Und das ist nicht der einige Unterschied: Während die Fahrt mit Autos wie dem Senna ein ständiger Kampf mit den Gesetzen der Physik und der eigenen Moral ist, fährt man den DBS Superleggera mit Lust und Laune und ruft die schier endlosen Reserven kaum ab. Souverän aber stilvoll geht man mit dem Gran Turismo auf die große Fahrt und genießt einen Komfort, wie ihn auch ein S-Klasse Coupé oder ein Achter BMW nicht besser bieten – bis man den Wagen irgendwann mit einem Kickdown aus der Reserve lockt oder in den Sport-Modus wechselt. Dann zeigt der Aston sein zweites Gesicht, schüttelt genau wie James Bond seine Manieren ab und stellt alles ins Zeichen dieser einen Mission – und die heißt Vollgas. Dann brüllt der eben noch so sonore V12 plötzlich schrill und giftig, die Automatik wechselt die Gänge mit der Gewalt von Handkantenschlägen und das Fahrwerk wird hart wie die Muskeln eines Preisboxers kurz vor der entscheidenden Runde. Und plötzlich zeigt der DBS einen Punch, der den Fahrer von den Socken haut. Gut, dass die feinen Ledersessel etwas tiefer ausgeschnitten sind, und gut, dass das eigenwillig geformte Lenkrad so viel Halt bietet. Denn selbst wenn der DBS mit seinen knapp 1,7 Tonnen Kampfgewicht alles andere ist als Superleggera, jagt er dann um die Kurven, dass man fast von Sinnen ist.

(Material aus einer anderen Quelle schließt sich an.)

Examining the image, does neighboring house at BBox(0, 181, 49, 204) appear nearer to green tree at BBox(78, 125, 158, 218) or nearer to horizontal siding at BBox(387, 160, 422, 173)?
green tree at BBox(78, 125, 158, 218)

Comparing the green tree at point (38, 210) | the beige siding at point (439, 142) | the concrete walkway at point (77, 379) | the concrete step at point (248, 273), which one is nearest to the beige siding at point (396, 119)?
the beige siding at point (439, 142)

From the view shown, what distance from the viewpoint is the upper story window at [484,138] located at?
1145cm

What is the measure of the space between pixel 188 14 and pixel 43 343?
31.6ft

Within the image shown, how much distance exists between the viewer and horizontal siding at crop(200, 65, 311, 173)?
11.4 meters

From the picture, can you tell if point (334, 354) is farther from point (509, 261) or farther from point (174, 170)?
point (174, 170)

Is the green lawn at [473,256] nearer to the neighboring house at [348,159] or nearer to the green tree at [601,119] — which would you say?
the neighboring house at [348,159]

Davon werden sich hunderttausende von Kinogängern ab dem Herbst 2019 selbst überzeugen können, wenn James Bond damit aller Voraussicht nach über die Leinwand jagt. Wer so lange nicht warten und sich vor allem nicht aufs Zuschauen beschränken will, der kann schon in diesem Herbst mit dem DBS Superleggera durchstarten. Allerdings hat die Sache einen Haken: Statt 15 Euro für die Kinokarte kostet das Vergnügen dann mindestens 274 995 Euro.